Para chegarmos ao menos próximos da sabedoria, não podemos, jamais, deixar morrer em nós a inocência da infância. Não devemos nunca sufocar a criança que vive em nós, mas lhe dar espaço e ouvidos, para não nos deixarmos enredar por dogmas contestáveis e tolos e vazios preconceitos, embora à revelia de críticas e de zombarias dos néscios, que se julgam sábios.

Não sou eu que o digo, mas o eminente psicanalista Carl Gustav Jung, do alto da sua inegável autoridade de mestre no assunto. Ele escreveu a respeito: “Falamos sobre a criança, mas deveríamos ter em vista a criança no adulto, porque em cada adulto está escondida uma criança – uma eterna criança, algo que está sempre crescendo, que nunca se completa e exige incessante cuidado, atenção e educação”.

Não importa, portanto, que ostentemos ares de sisudez, por achar que essa postura nos confere respeitabilidade e maturidade. Não confere. Aliás, o amadurecimento verdadeiro implica em não abrir mão das experiências, até as mais pequeninas e aparentemente sem valor, colhidas na infância. Por exemplo, tenhamos a idade que tivermos, teremos, sempre, necessidade, até física, de brincar, de dar asas à imaginação, de criar e viver fantasias.
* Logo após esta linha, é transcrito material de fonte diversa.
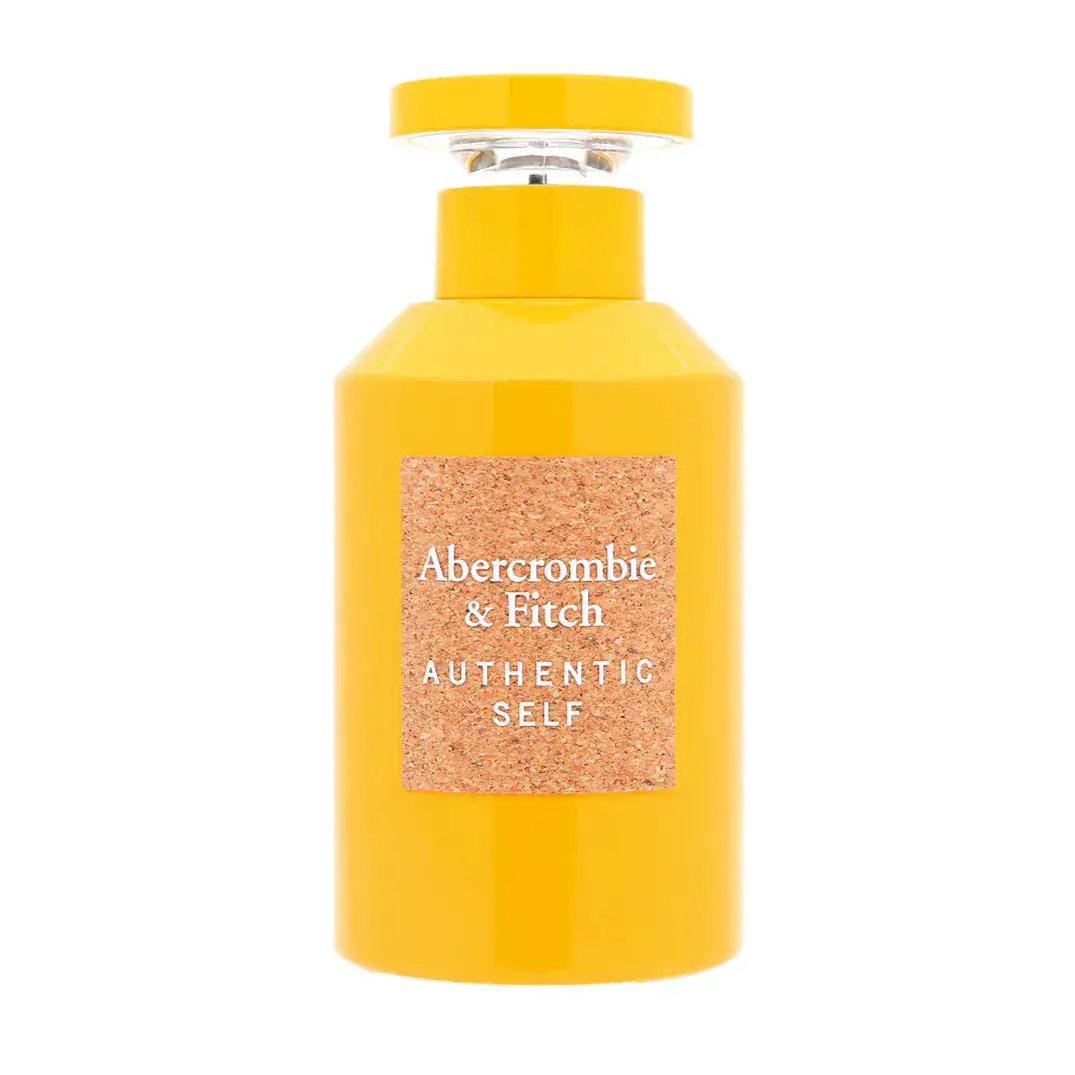 Abercrombie & Fitch Authentic Self Woman Eau de Parfum 3.3 oz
Só guardando essa simplicidade, essa capacidade imensa de se alegrar, essa inocência primitiva, seremos amados e, consequentemente, felizes. Devemos, portanto, manter a autenticidade, a transparência e a pureza das crianças. Cristo já dizia: “Vinde a mim as criancinhas, pois delas é o Reino dos Céus”. Ele será nosso também, no entanto, caso não deixemos calar (ou morrer) o menino que teima em habitar em nós.